AVAILABLE DATA
○ ○ ○ ○ ○ ○ ○
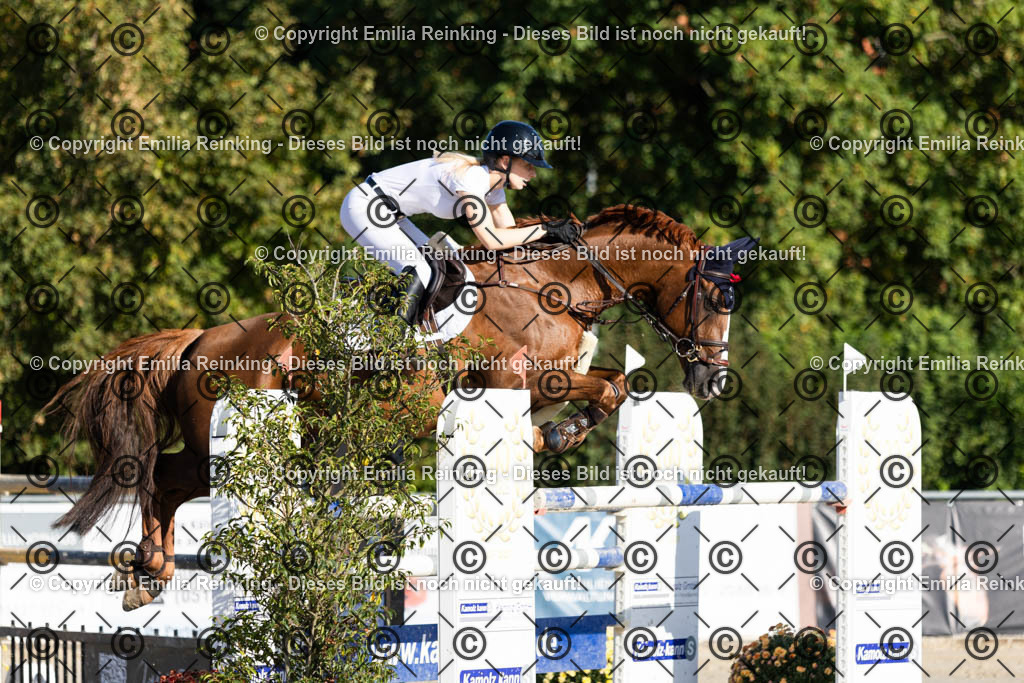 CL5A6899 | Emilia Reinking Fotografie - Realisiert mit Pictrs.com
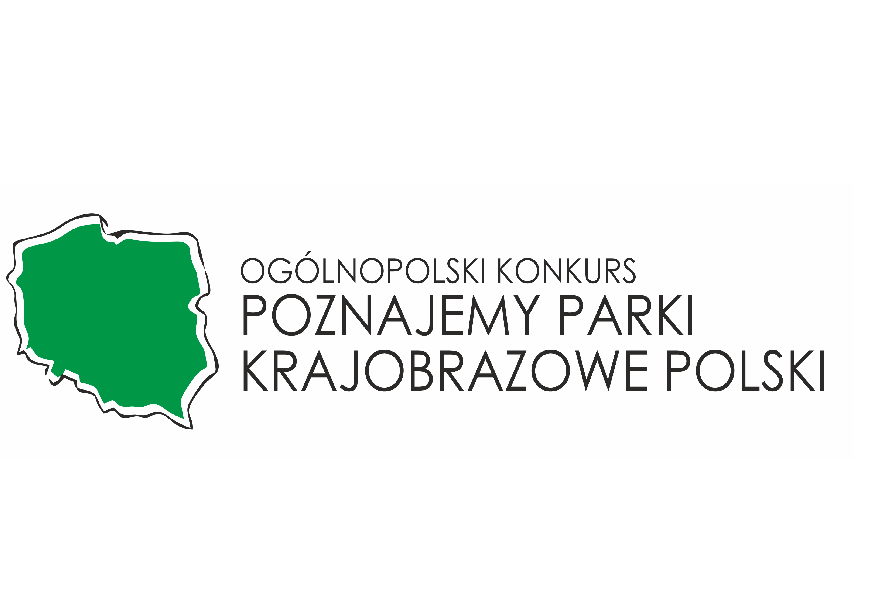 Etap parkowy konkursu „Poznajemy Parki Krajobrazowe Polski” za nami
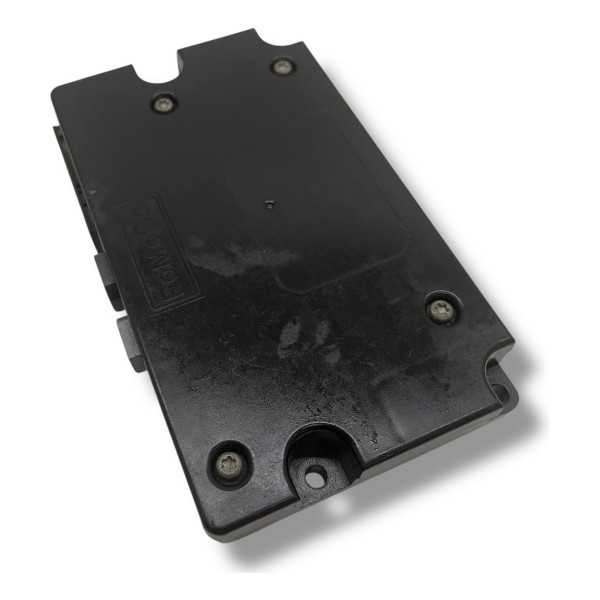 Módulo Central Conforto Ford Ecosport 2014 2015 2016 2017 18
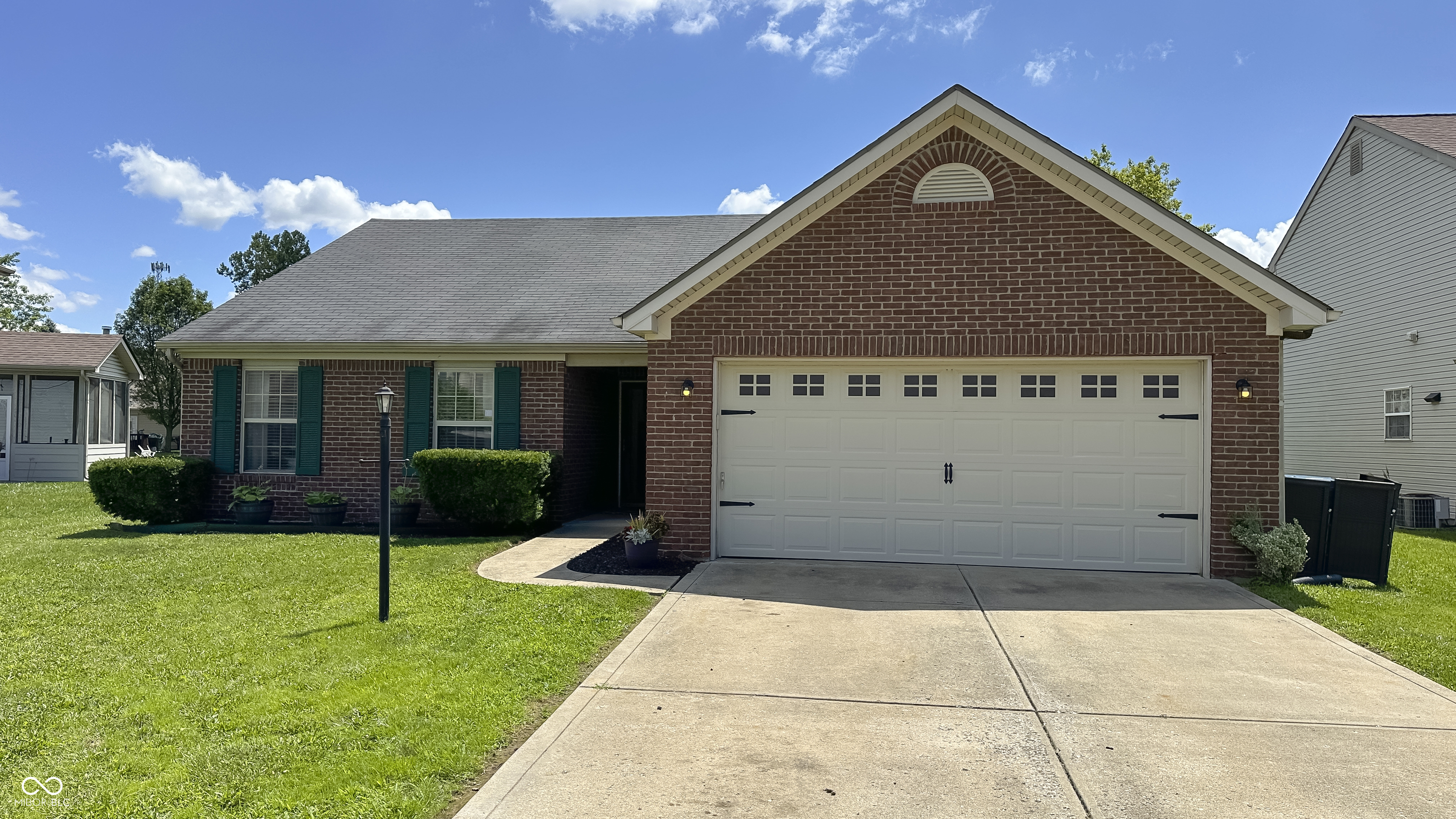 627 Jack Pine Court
○ ○ ○ ○ ○ ○ ○
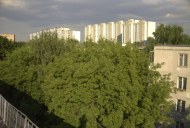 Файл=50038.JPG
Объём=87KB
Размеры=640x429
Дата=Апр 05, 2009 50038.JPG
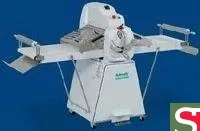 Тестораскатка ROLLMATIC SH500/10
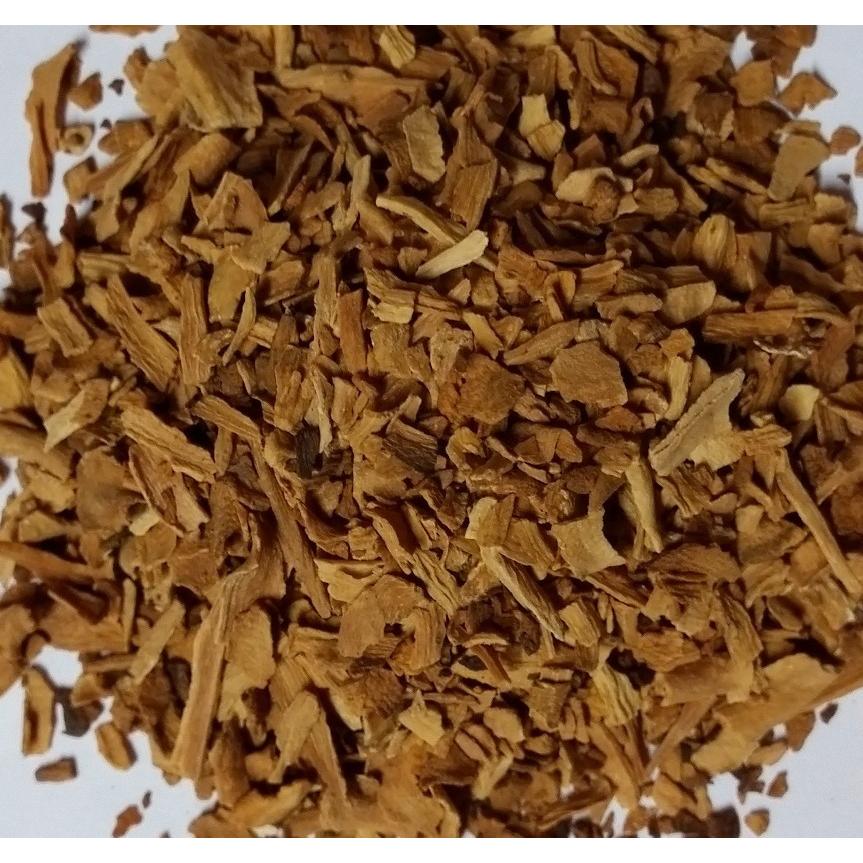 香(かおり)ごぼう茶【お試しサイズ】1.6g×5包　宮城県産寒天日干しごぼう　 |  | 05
○ ○ ○ ○ ○ ○ ○
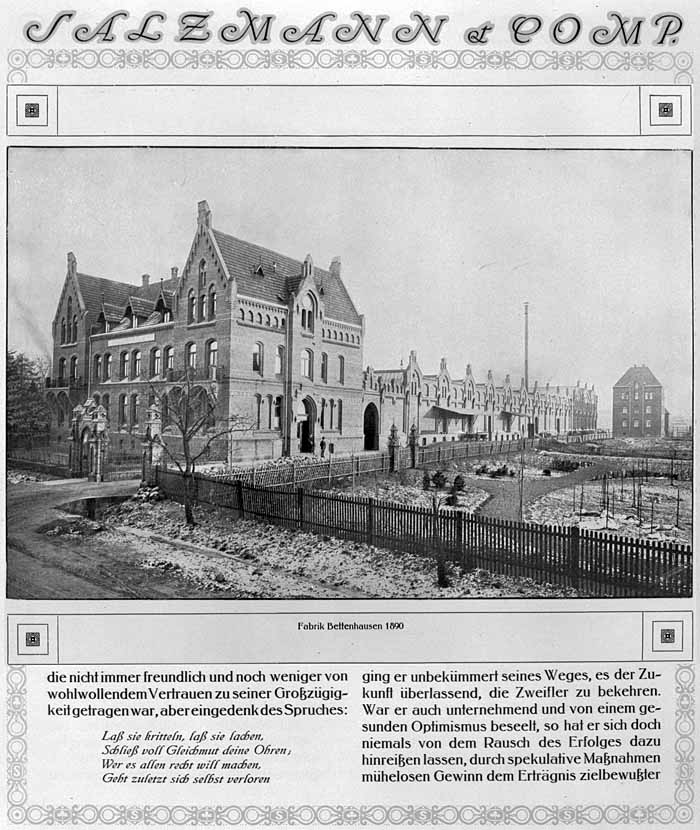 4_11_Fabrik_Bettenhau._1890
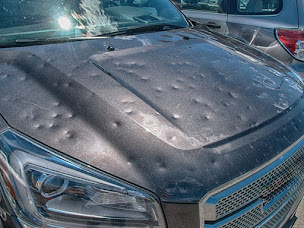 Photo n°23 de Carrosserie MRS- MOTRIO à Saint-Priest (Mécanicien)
○ ○ ○ ○ ○ ○ ○
Copy only the lines above from the one containing "CL5A6899 | Emilia" through the one containing "627 Jack Pine Court", both included. Leave out the pictures.

 CL5A6899 | Emilia Reinking Fotografie - Realisiert mit Pictrs.com
 Etap parkowy konkursu „Poznajemy Parki Krajobrazowe Polski” za nami
 Módulo Central Conforto Ford Ecosport 2014 2015 2016 2017 18
 627 Jack Pine Court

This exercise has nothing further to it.